[[ THE DATA, beginning ]]

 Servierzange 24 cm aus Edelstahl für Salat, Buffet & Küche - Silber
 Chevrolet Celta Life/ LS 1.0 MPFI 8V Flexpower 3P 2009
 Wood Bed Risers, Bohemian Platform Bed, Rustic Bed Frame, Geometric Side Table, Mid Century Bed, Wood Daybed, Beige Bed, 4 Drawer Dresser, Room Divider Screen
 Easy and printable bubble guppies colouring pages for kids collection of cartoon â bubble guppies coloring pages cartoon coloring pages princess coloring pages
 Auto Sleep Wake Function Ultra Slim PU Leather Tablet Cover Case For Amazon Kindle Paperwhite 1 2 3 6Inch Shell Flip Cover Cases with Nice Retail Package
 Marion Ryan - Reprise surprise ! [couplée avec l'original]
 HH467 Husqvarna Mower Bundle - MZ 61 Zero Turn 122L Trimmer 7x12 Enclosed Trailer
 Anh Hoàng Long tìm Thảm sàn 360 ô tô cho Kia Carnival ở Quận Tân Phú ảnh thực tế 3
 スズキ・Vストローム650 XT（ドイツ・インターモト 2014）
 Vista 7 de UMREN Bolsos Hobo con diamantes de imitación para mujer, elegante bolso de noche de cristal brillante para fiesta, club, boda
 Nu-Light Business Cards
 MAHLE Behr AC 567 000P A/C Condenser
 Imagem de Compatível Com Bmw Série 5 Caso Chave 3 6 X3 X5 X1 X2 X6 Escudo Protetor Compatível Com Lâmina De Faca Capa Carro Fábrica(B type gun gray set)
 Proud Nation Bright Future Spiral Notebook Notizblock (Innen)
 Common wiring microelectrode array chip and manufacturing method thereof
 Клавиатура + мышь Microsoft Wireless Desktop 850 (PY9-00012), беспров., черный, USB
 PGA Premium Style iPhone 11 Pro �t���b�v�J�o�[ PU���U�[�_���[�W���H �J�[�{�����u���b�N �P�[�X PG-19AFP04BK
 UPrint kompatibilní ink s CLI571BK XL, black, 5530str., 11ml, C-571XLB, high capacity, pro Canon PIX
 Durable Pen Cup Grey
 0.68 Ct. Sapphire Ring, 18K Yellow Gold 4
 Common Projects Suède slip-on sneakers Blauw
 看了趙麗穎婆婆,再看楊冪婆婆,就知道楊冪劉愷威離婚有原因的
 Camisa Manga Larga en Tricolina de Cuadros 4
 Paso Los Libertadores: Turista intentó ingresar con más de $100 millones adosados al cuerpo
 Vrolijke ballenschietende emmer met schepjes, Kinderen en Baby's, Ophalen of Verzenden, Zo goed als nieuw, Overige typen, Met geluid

[[ THE DATA, end ]]

THE PROBLEM. If a line of the entries holds the word "Common", copy it out.

TASK ANSWER.
 Common wiring microelectrode array chip and manufacturing method thereof
 Common Projects Suède slip-on sneakers Blauw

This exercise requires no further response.